Strange to say, the beautiful sapphire is only twice named by
Shakespeare, once as an adjunct to the pearl in embroidery (_Merry
Wives of Windsor_, Act v, sc. 5). The single mention of chrysolite is
much more impressive:


If heaven would make me such another world,
Of one entire and perfect chrysolite!
_Othello_, Act v, sc. 2.
"Tragedies", p. 337, col. A, line 5.


Chrysolite (peridot, or olivine) was regarded in Shakespeare's time
and earlier as of exceptional rarity. The fine peridots of the Chapel
of the Three Kings in Cologne Cathedral were believed to be emeralds
of extraordinary size and were once valued at $15,000,000, although
they are really worth barely $100,000; some of them are more than an
inch in diameter. Whence they came is uncertain, but it is probable
that they were brought from the East at some time during the Crusades.
Indeed the origin of the fine peridots of the Middle Ages is shrouded
in mystery; they are, however, believed to have been found in one or
more of the islands in the Red Sea. In our day a number of specimens
have been discovered on the small island of St. John in that sea; the
deposit here is a jealously-guarded monopoly of the Egyptian
Government. Peridots have also been found at Spyrget Island, in the
Arabian Gulf. The most remarkable source of gem-material of this stone
is meteoric, a few gems weighing as much as a carat each having been
cut out of some yellowish-green peridot obtained by the writer from
the meteoric iron of Glorieta Mountain, New Mexico.

That a turquoise, presumably set in a ring, was given to Shylock by
Leah before their marriage, perhaps at their betrothal, is all that
Shakespeare has found occasion to write of this pretty stone, one of
the earliest used for adornment in the world's history, as the great
mines of Nishapur, in Persia, and those of the Sinai Peninsula were
worked at a very early time, the latter by the Egyptians as far back
as 4000 B.C. With the opal, the poet has seized upon its most
characteristic quality, its changeableness of hue, where he says in
_Twelfth Night_ (Act ii, sc. 4): "Thy mind is a very opal".

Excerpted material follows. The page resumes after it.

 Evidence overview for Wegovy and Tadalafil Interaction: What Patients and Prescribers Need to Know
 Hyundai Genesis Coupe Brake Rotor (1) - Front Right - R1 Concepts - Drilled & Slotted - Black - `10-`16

A luminous ring is poetically described in one of Shakespeare's
earliest plays, _Titus Andronicus_, written in or about 1590. The
lines referring to the ring are highly expressive. After the murder of
Bassianus, Martius searches in the depths of a dark pit for the dead
body, and suddenly cries out to his companion Quintus that he has
discovered the bloody corpse. As the interior of the pit is pitch
dark, Quintus can scarcely believe what he hears, and he asks Martius
how the latter could possibly see what he has described. The answer is
given in the following lines:


Upon his bloody finger he doth wear
A precious ring, that lightens all the hole,
Which, like a taper in some monument,
Doth shine upon the dead man's earthy cheeks,
And shows the ragged entrails of the pit.
_Titus Andronicus_, Act ii, sc. 3.
First Folio, "Tragedies", p. 38, col. B, lines 53-57.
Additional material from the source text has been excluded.